WHAT NEEDS TO BE DONE — Each line from the top of the listing down to and including the line with "Can you find cats: Puzzle game ภาพหน้าจอ 2" must be duplicated exactly; pictures are to be skipped.

RAW DATA —

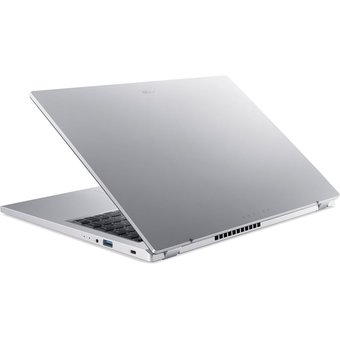  Ноутбук Acer Aspire 3 A315-24P-R490 (NX.KDEER.00E) Ryzen 5 7520U 8Gb SSD512Gb AMD Radeon 15.6" IPS FHD Eshell silver 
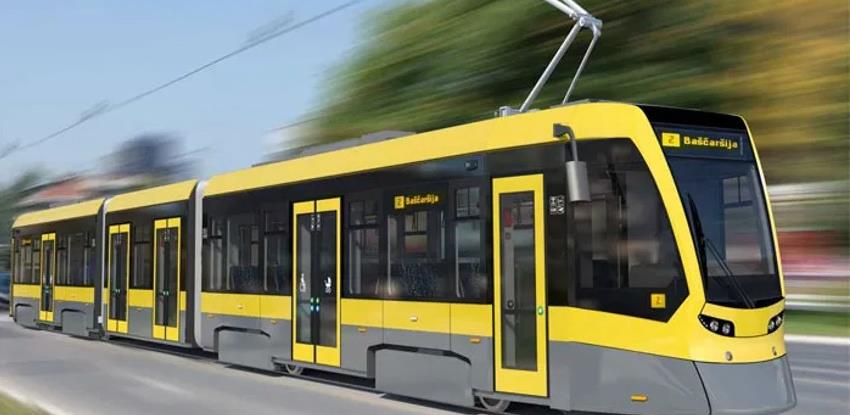 tramvaj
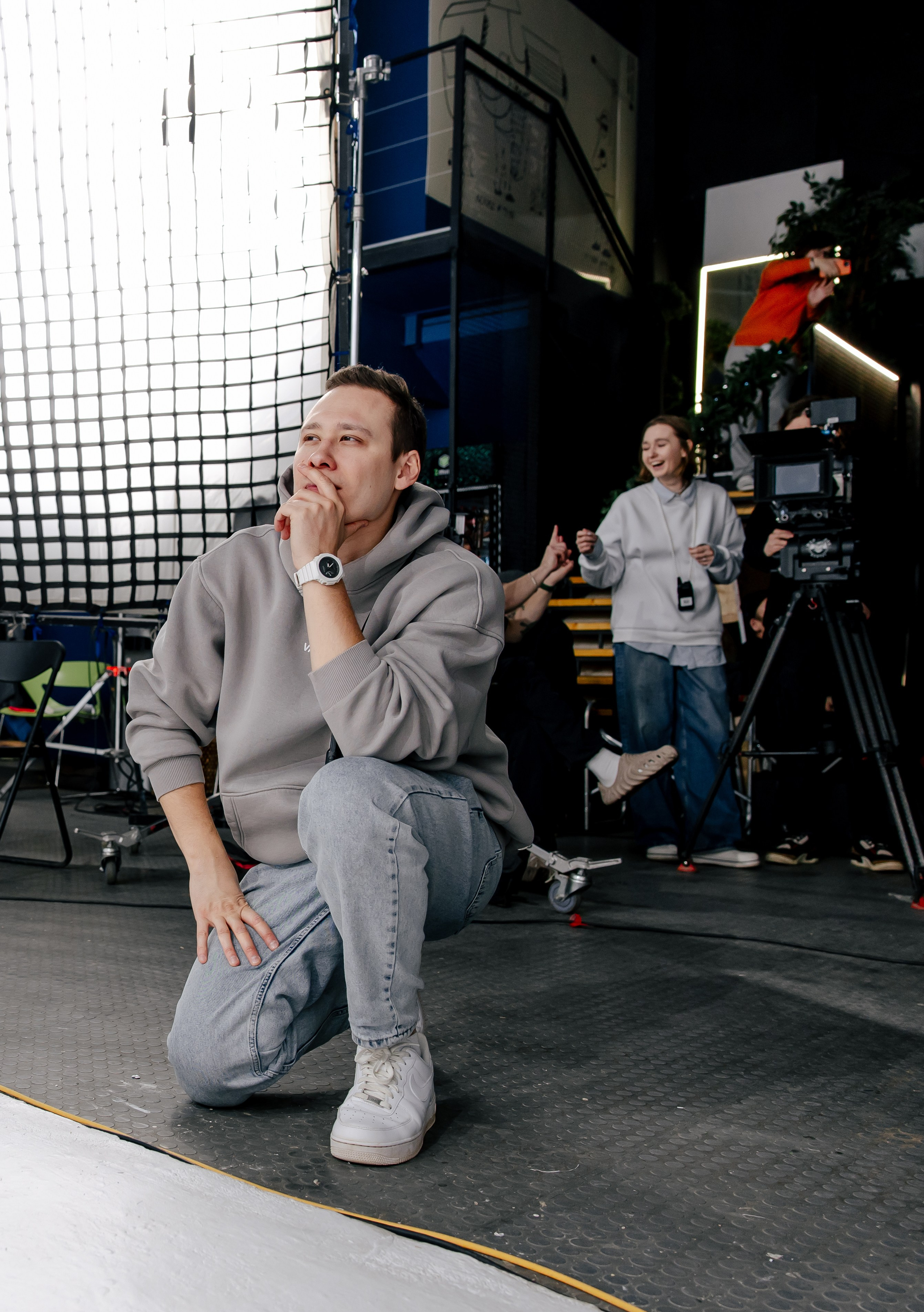 Репортаж. Главная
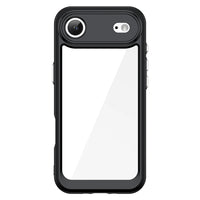 Clear Frosted TPU Case for iPhone 17 Air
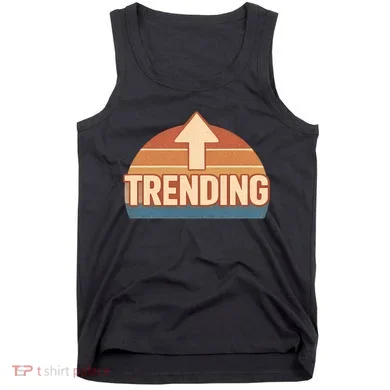 Trending Tank Top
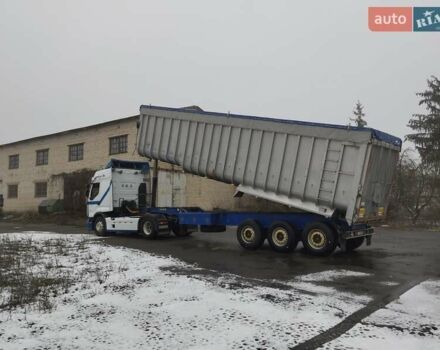 Білий Рено Преміум, об'ємом двигуна 10.8 л та пробігом 1 тис. км за 27800 $, фото 14 на Automoto.ua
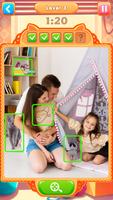 Can you find cats: Puzzle game ภาพหน้าจอ 2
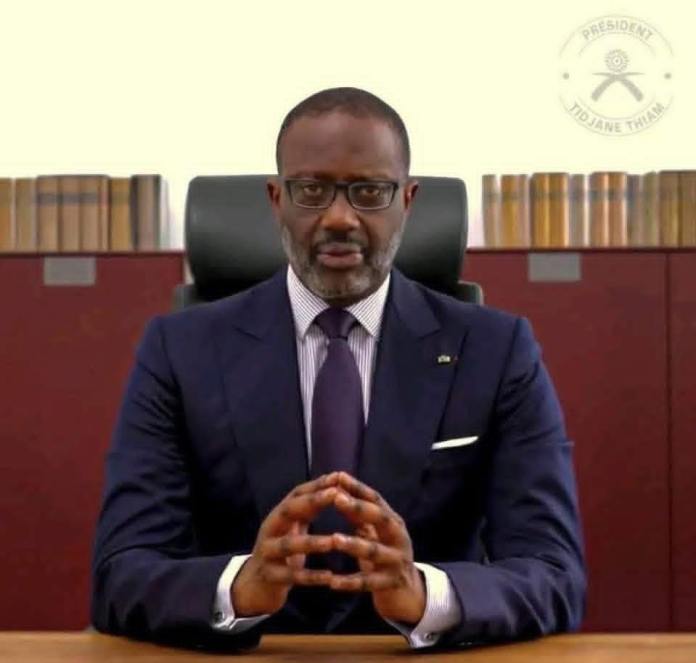 tidjane iri J’en appelle à la Maison Blanche sous l’administration Trump, à l’Union européenne, aux Nations unies, à l’Union africaine, à la CEDEAO et à tous nos partenaires internationaux pour exercer une pression immédiate et ferme sur le régime Ouattara
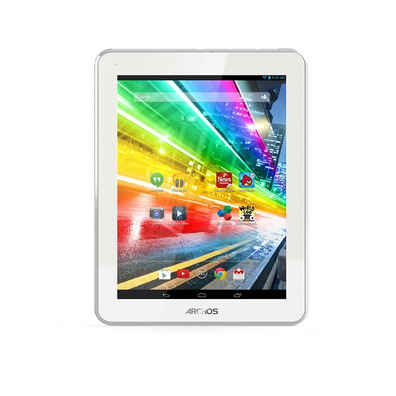 Archos 80 Xenon Tablet PC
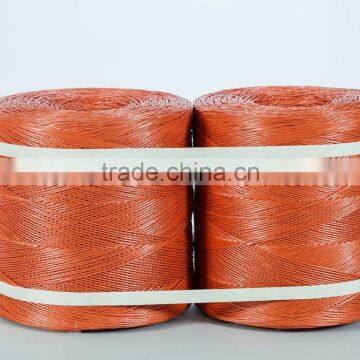 Heavy duty baler twine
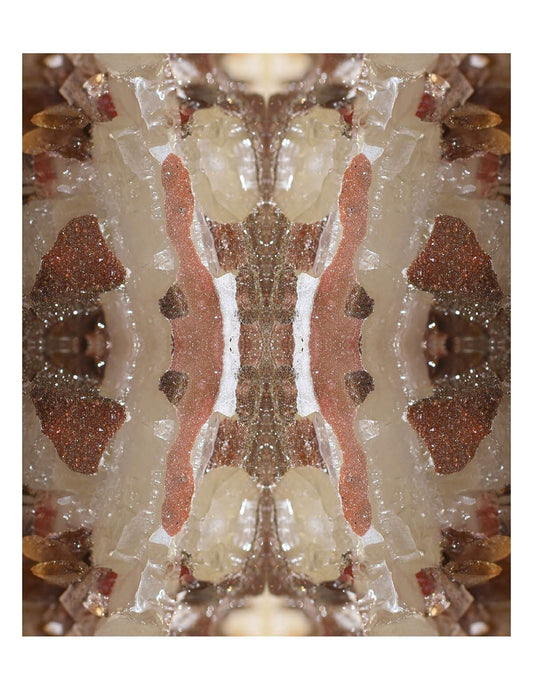 Organic Abstract 26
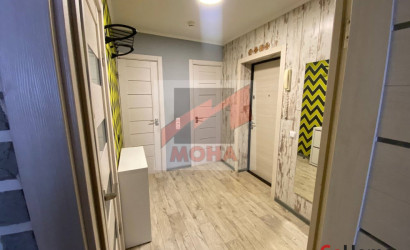 Купить 2-комнатную квартиру, Брест, просп. Машерова, д. . Фото 9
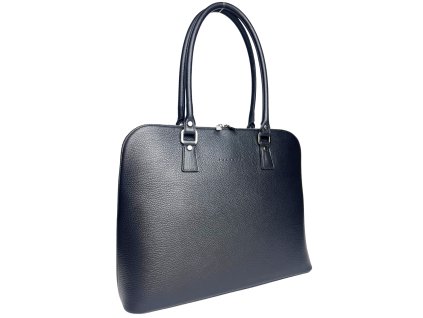 Kožená kabelka Luca dolaro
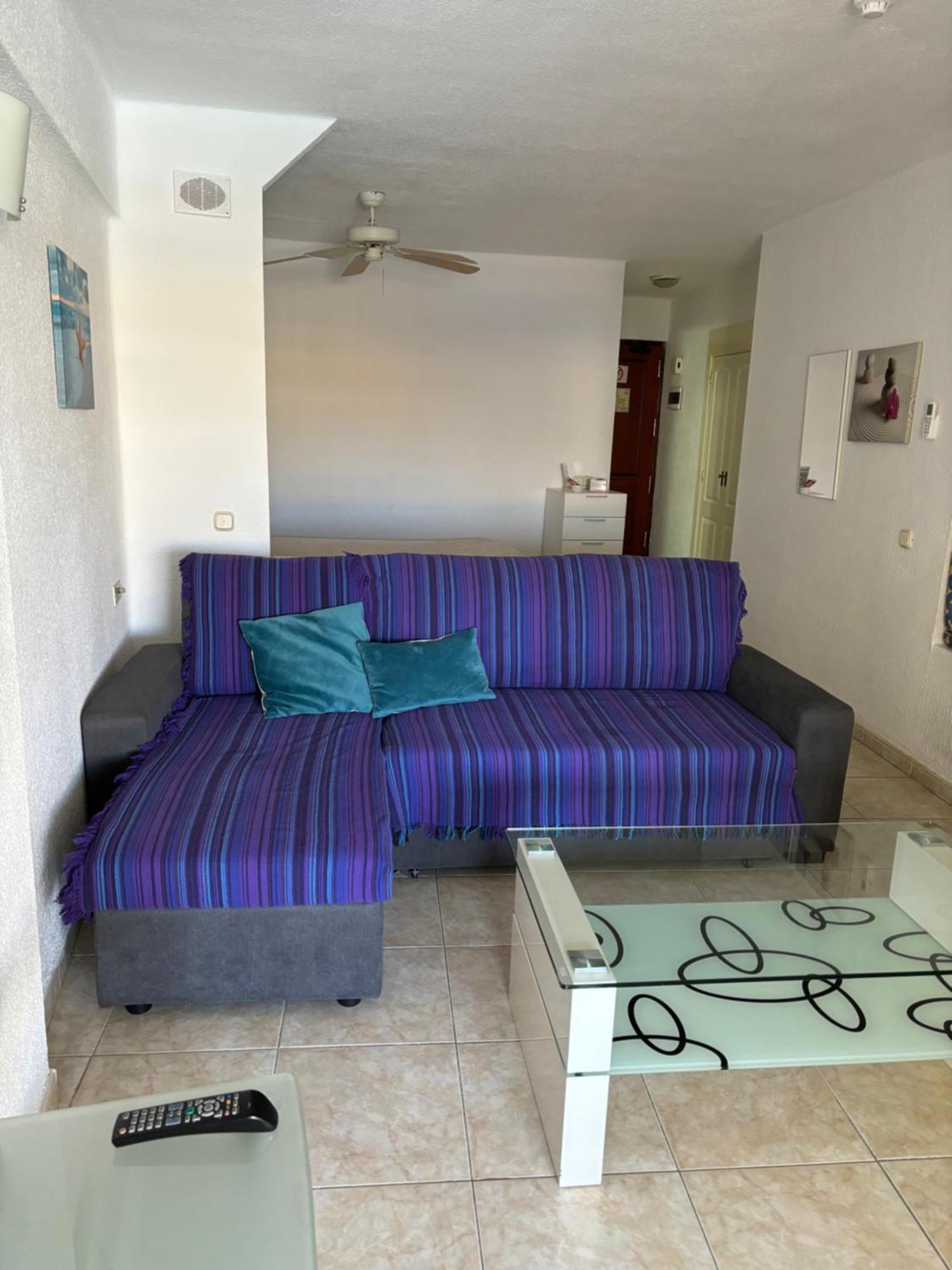 Apartment Santa Maria 126 Costa Adeje (Tenerife)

REPLY TO THE EXERCISE —
  Ноутбук Acer Aspire 3 A315-24P-R490 (NX.KDEER.00E) Ryzen 5 7520U 8Gb SSD512Gb AMD Radeon 15.6" IPS FHD Eshell silver 
 tramvaj
 Репортаж. Главная
 Clear Frosted TPU Case for iPhone 17 Air
 Trending Tank Top
 Білий Рено Преміум, об'ємом двигуна 10.8 л та пробігом 1 тис. км за 27800 $, фото 14 на Automoto.ua
 Can you find cats: Puzzle game ภาพหน้าจอ 2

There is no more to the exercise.